China will launch a spacecraft this month to conduct its first manned space docking, state media said yesterday, the latest step in a plan aimed at giving the country a permanent space station by 2020.
The Shenzhou-9 spacecraft and its carrier rocket have already been moved to the launch platform at the Jiuquan Satellite Launch Center in northwest China, Xinhua news agency said, quoting the country’s manned space program.
The launch — China’s first manned space mission since September 2008 — would occur “sometime in mid-June,” it said.
Officials said the mission would involve three astronauts manually docking with the Tiangong-1 module orbiting the Earth.
In March, state media said China might send its first woman into space this year after including female astronauts in the team training for its first manned space docking.
Niu Hongguang (牛紅光), deputy commander-in-chief of the manned space program, has said that the Shenzhou-9 crew might include female astronauts, Xinhua reported.
China sent its first person into space in 2003 and has since conducted several manned missions, but has never included a woman.
After the space rendezvous, two of the astronauts will move temporarily into the Tiangong-1 (“Heavenly Palace”), where they will perform scientific experiments.
One of the crew will remain on board the spacecraft as a precaution in case of an emergency, according to the official quoted by Xinhua.
In November last year, an unmanned Shenzhou-8 spacecraft returned to Earth after completing two space dockings with Tiangong-1 in the nation’s first ever hard-to-master “space kiss,” bringing together two vessels in high speed orbit.
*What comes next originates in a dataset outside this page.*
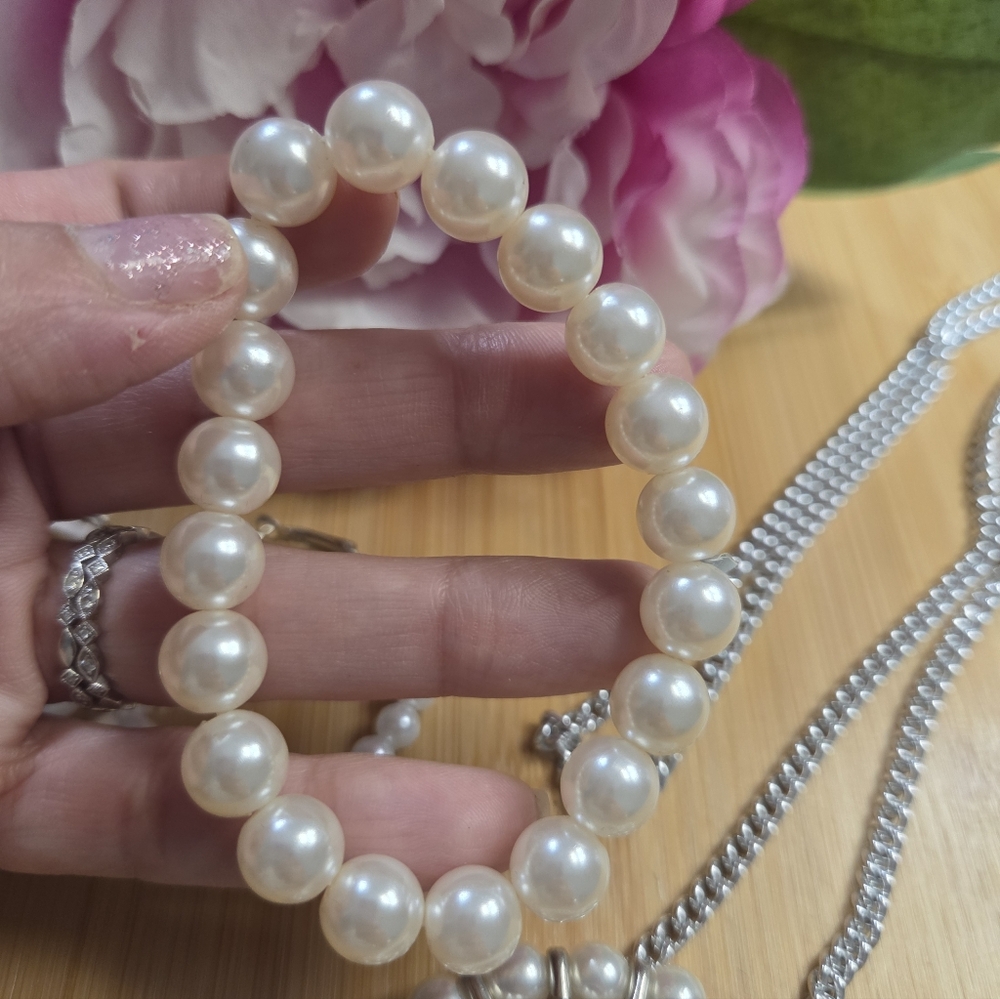 Pearl Jewelry Set - Picture 4 of 5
Space docking technology is a delicate maneuver that the Russians and Americans successfully mastered in the 1960s.
Tiangong-1, China’s first space station module, was launched in September last year.
China sees its space program as a symbol of its global stature, growing technical expertise and the Chinese Communist Party’s success in turning around the fortunes of the once poverty-stricken nation. The current program aims to provide China with a space station in which a crew can live independently for several months, as at the old Russian Mir facility or the International Space Station.
In 2003, China became the third country to send humans into space after Russia and the US, and it is now also looking into sending astronauts to the moon, although nothing has been set in stone.